[EXCERPTED DATA]

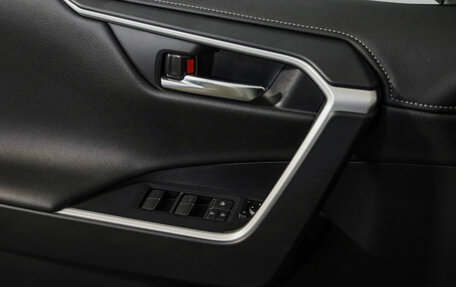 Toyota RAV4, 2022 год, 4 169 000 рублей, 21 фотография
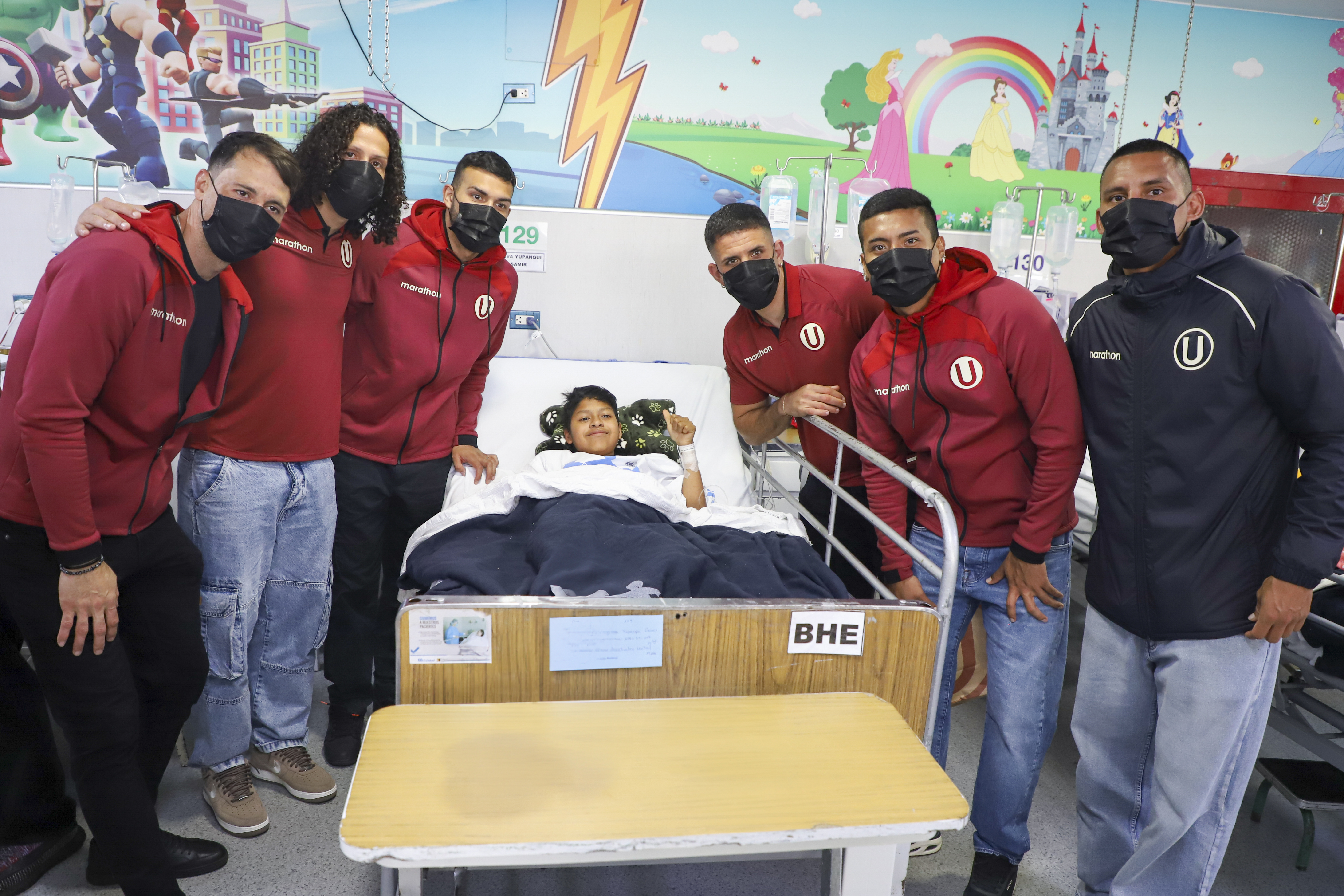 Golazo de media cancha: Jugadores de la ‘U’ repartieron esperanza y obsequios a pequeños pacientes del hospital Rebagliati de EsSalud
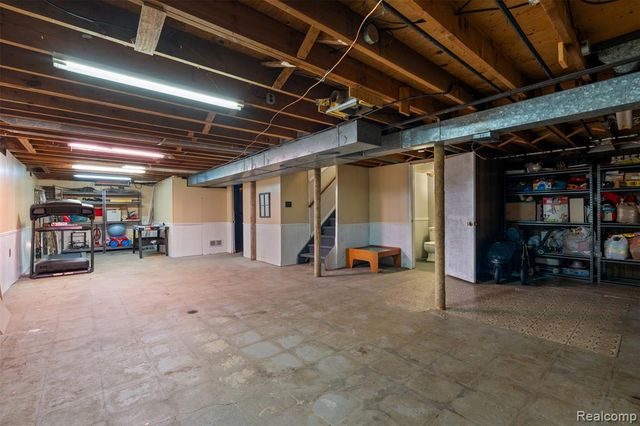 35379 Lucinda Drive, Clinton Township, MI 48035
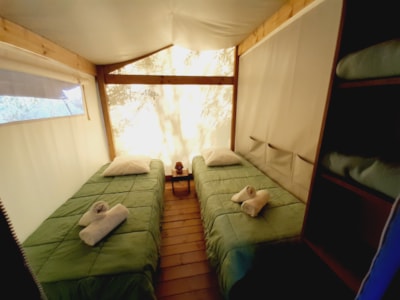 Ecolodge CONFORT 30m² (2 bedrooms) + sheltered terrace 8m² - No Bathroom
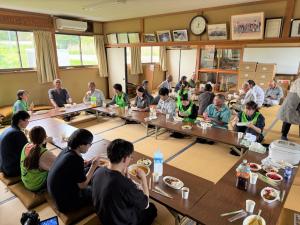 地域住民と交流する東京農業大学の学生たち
...
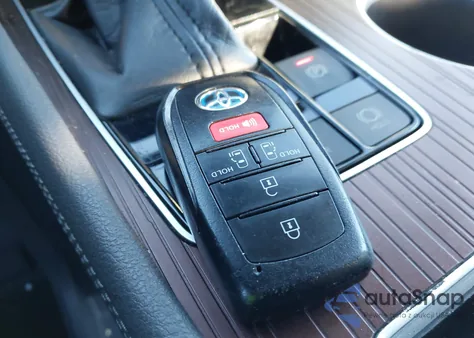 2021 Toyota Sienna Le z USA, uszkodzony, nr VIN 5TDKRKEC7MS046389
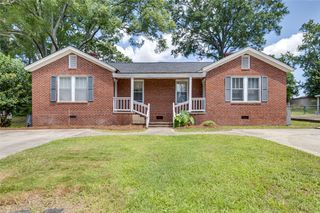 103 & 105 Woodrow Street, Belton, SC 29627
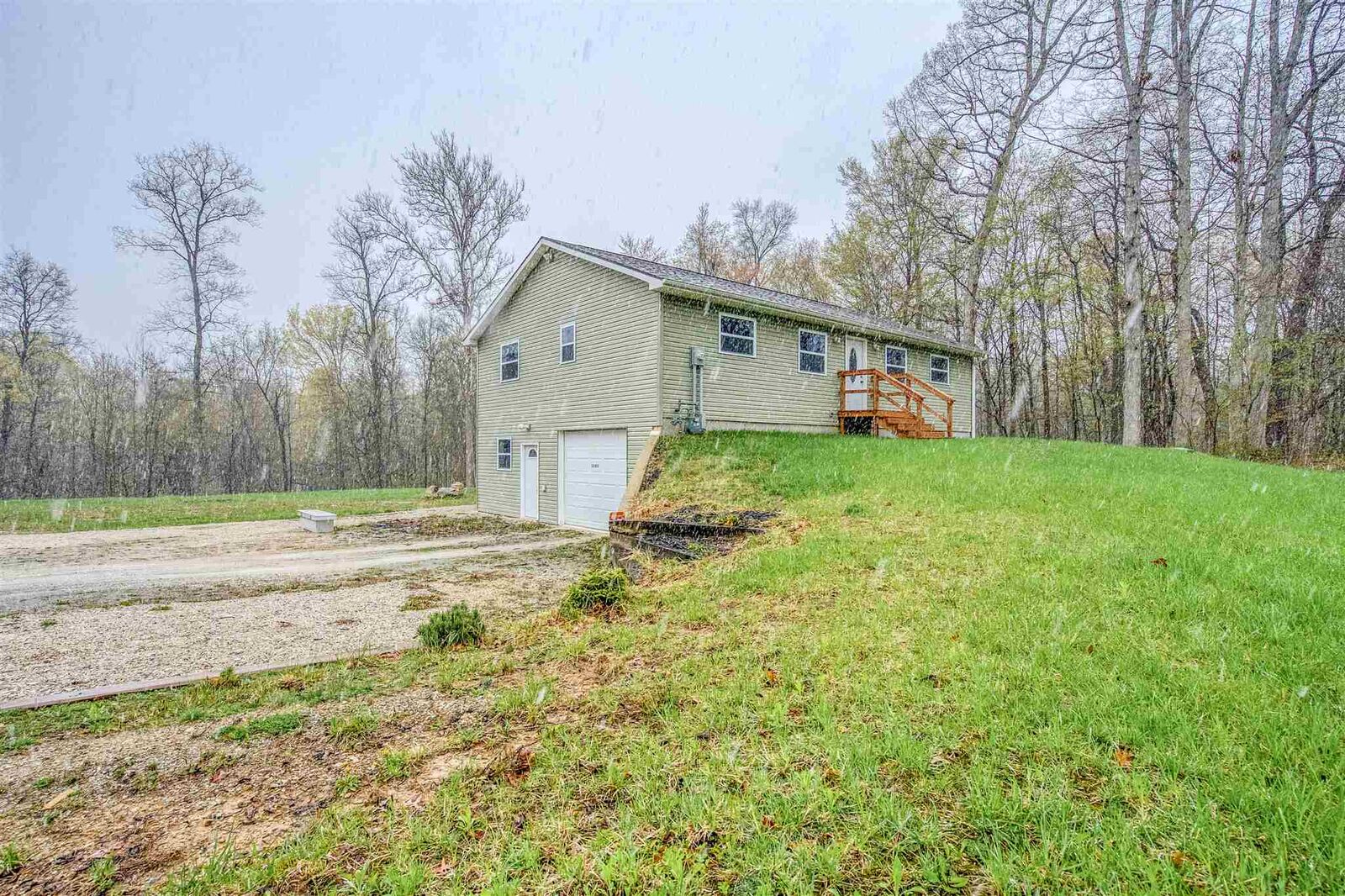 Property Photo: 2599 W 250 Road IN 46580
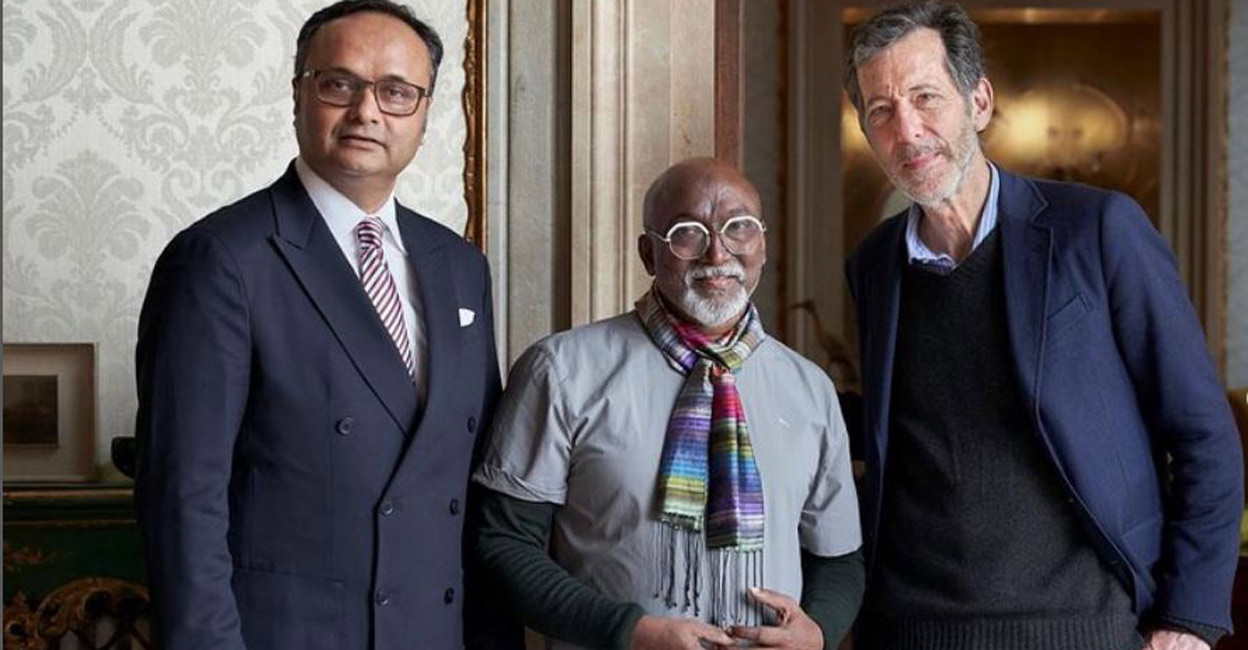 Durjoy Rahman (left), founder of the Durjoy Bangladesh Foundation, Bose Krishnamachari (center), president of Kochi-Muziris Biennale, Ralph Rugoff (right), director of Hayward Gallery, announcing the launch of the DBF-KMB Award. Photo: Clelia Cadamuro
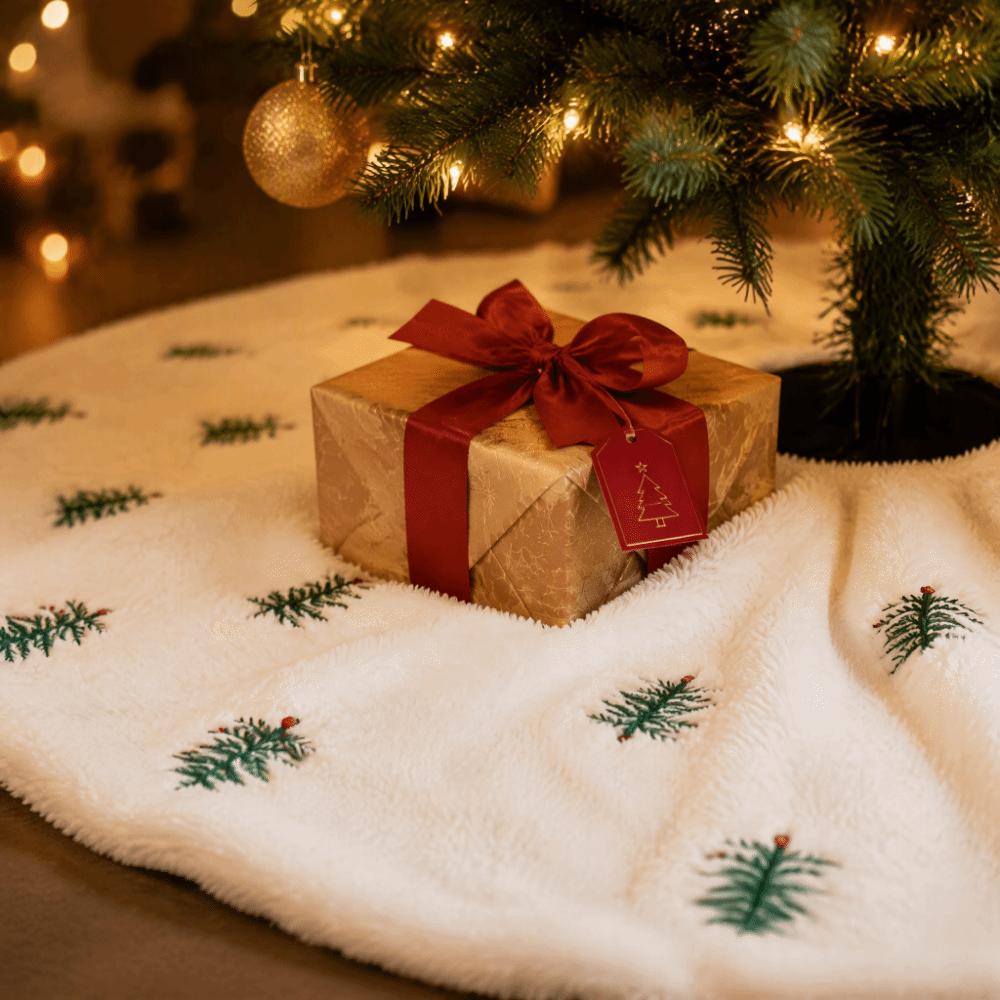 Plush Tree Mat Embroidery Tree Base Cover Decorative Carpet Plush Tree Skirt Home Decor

[TASK BRIEF] Output exactly, and only, the lines of the entries above from the one with "Toyota RAV4, 2022" up to and including the one with "地域住民と交流する東京農業大学の学生たち"; pictures are to be left out.

[SOLVED PROBLEM]
 Toyota RAV4, 2022 год, 4 169 000 рублей, 21 фотография
 Golazo de media cancha: Jugadores de la ‘U’ repartieron esperanza y obsequios a pequeños pacientes del hospital Rebagliati de EsSalud
 35379 Lucinda Drive, Clinton Township, MI 48035
 Ecolodge CONFORT 30m² (2 bedrooms) + sheltered terrace 8m² - No Bathroom
 地域住民と交流する東京農業大学の学生たち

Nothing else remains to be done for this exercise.